O coordenador de alocação da XP assinala que os prêmios de crédito “high grade” (maior qualidade de crédito e menor risco) estão na casa do CDI mais 3%, o que ele considera como atrativo, dado o atual patamar da Selic. A proteção contra a inflação também pode ser feita via crédito, como debêntures de infraestrutura, diz Dexheimer, que pagam hoje cerca de 4,5% ou 5% mais inflação, isento de Imposto de Renda para pessoa física.
O aumento de risco no portfólio, embora fundamental em um cenário de juros no piso histórico, deve ser feito com parcimônia e em parcelas, ressalva Dexheimer, ao longo de três a cinco meses, dada a falta de visibilidade do cenário.
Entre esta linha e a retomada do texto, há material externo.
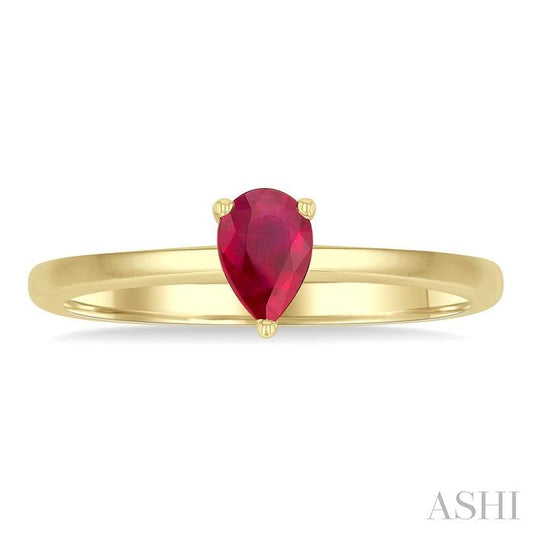ASHI Pear Shape Gemstone Solitaire Ring 41819PPF@RBYG-PR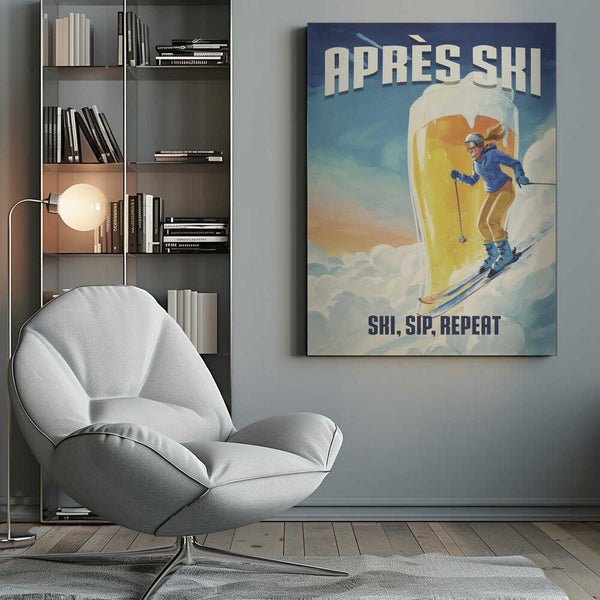 Tablou canvas „Ski, Sip, Repeat” de Andreas Magnusson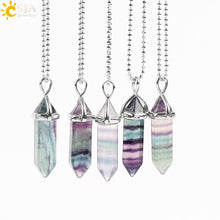 Carica l&#39;immagine nel visualizzatore di Gallery, Real Raw Pink Purple Gem Crystal Necklace Hexagonal Bullet Reiki Chakra Natural Stone Necklace Pendant Women Jewelry E056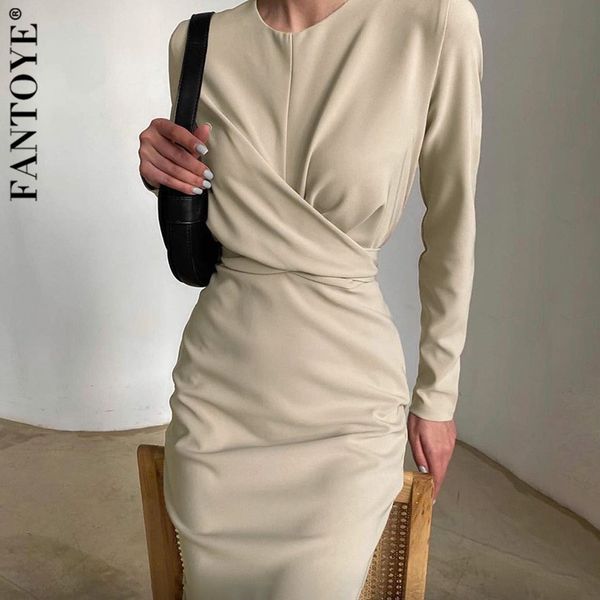 fantoye elegant solid twist midi dress for women o-neck long sleeve bodycon pencil dresses partywear pleated back split vestidos c0129, Black;gray
fantoye elegant solid twist midi dress for women o-neck long sleeve bodycon pencil dresses partywear pleated back split vestidos c0129, Black;gray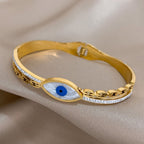 Mother of Pearl Evil Eye 18K Gold Stainless Steel Openable Kada Bracelets Womens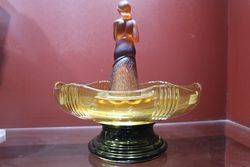 Deco Amber Float Bowl C1930 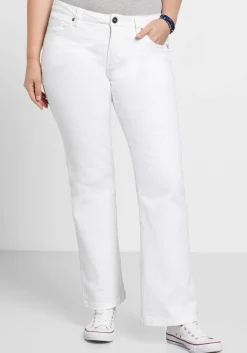 Bootcut-Jeans in 5-Pocket-Form, mit Used-Effekten<sheego New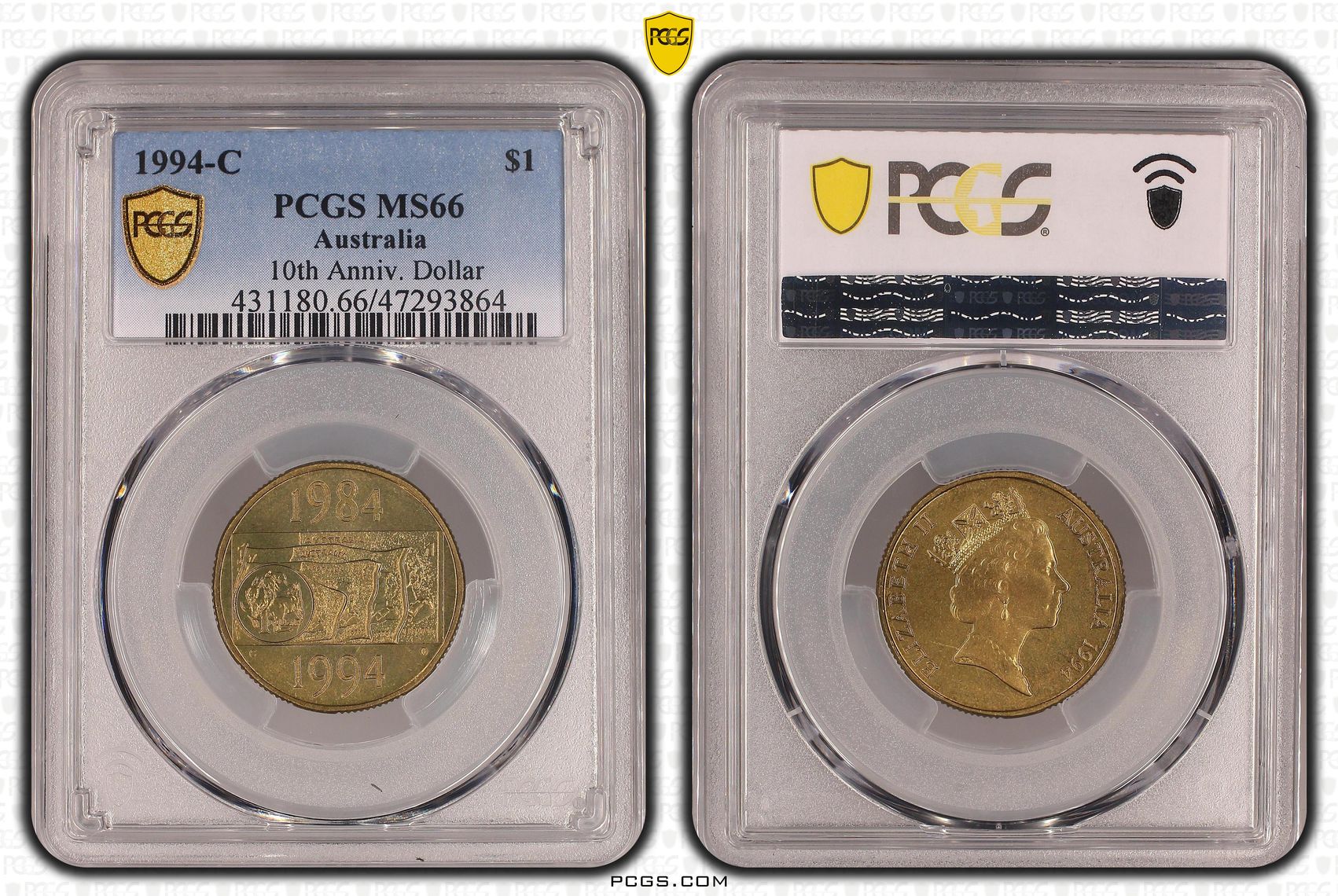 10th Anniv. Dollar, One Dollar, 1994-C, PCGS MS 66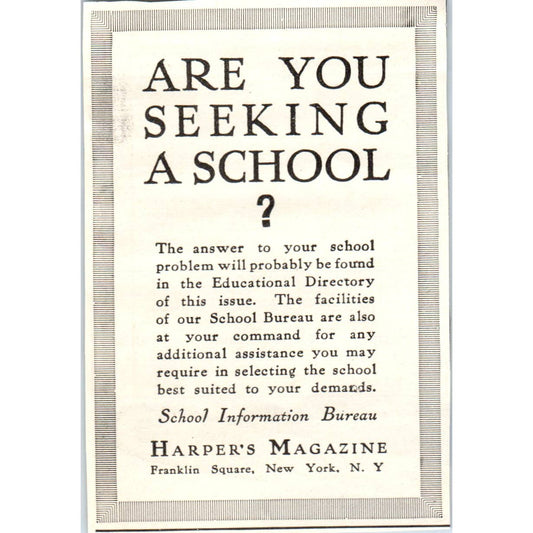 c1920 Harper's Magazine Ad - Harper's School Information Bureau EA3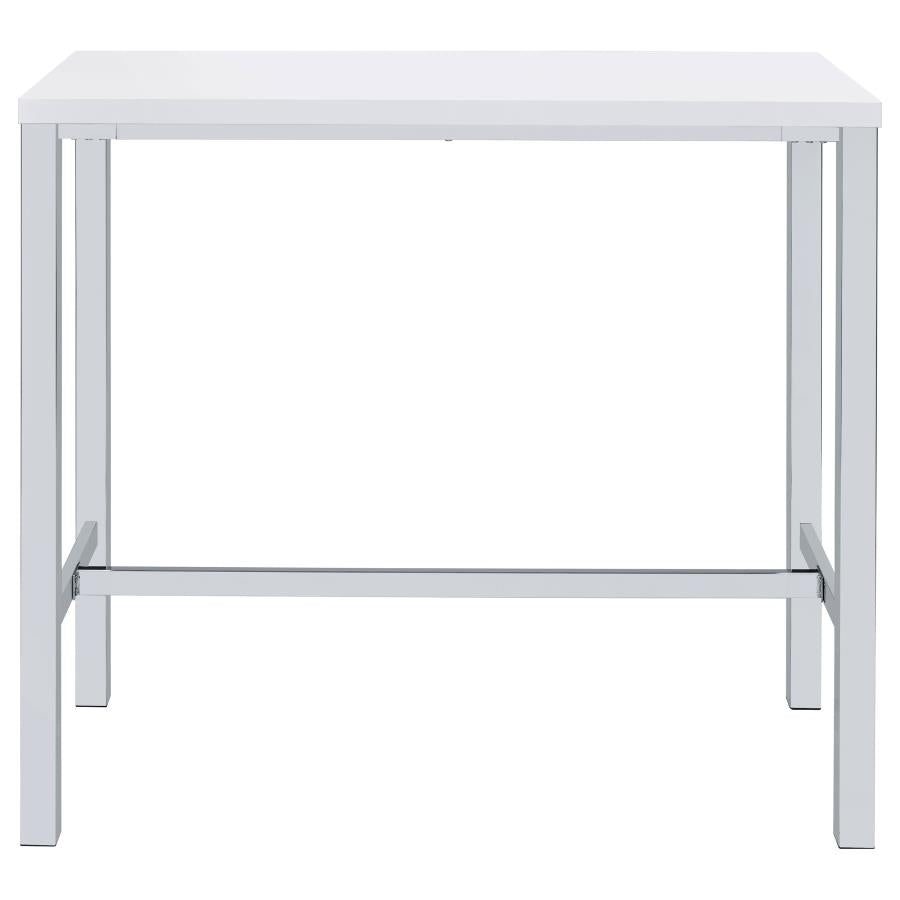 Natividad 5-piece Pub Height Bar Table Set White High Gloss - Home & Sleep Outlet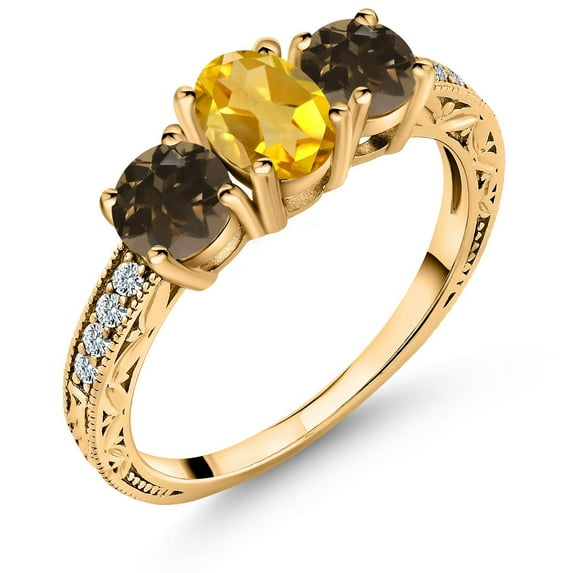 Gem Stone King 1.64 Cttw 7X5MM Oval Yellow Citrine and 5MM Round Brown Smoky Quartz 18K Yellow Gold Plated Silver 3-Stone Ring for Women (Size 9)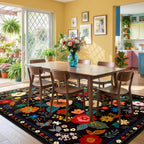 RELEANY Floral Nursery 5x7 Area Rugs Washable Print Boho Cute Carpet Non Slip Flower Low Pile for Living Room Kids Girls Playroom Bedroom Kitchen Office Farmhouse-Black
Já Adriano Cantreva, sócio da Portofino Investimentos, conta que a gestora de patrimônio tem promovido poucas alterações, apenas para reequilibrar as carteiras após a forte movimentação dos mercados com a crise do coronavírus:
“Fizemos um ajuste tático mais de curto prazo, mas, na parte de longo prazo, mudamos o mínimo possível.”
Durante o mês de abril, houve um trabalho de recomposição da parcela de risco das carteiras, dada a queda dos ativos de renda variável, e um aumento da fatia em bolsa americana. A visão é semelhante à de Dexheimer, diante dos fatores de risco implícitos no Brasil, com a crise econômica e também política. A alocação no mercado americano tem se dado via índice, porém com proteção cambial.
Juros reais atrativos
Na parte de renda fixa, a gestora buscou aumentar um pouco a parcela dos portfólios em juros reais, isto é, papéis como o Tesouro IPCA+ com vencimentos como 2026 e 2035. E houve ainda uma busca por operações de crédito privado de vencimentos mais curtos, como da Energisa, com uma operação de um ano com CDI mais 3,80%.
O investidor mais conservador, sem “perfil” de Bolsa, pode optar por alongar o prazo dos investimentos em renda fixa, diz Rodrigo Marcatti, sócio-fundador do escritório de investimentos Veedha. O executivo lembra que, em março, muitos fundos de crédito privado sofreram resgates e, por conta disso, diversos papéis de primeira linha estão com os preços desajustados.
“O investidor consegue adquirir hoje uma letra financeira de um banco grande, como Bradesco ou Itaú, com prazo de dois anos, pagando mais de 120% do CDI, o que é fora do padrão para esse tipo de risco”, afirma.
Marcatti lembra ainda que muitos fundos multimercado de gestoras renomadas reabriram para captação, o que pode ser uma oportunidade para o investidor com caixa e que estuda uma realocação de capital.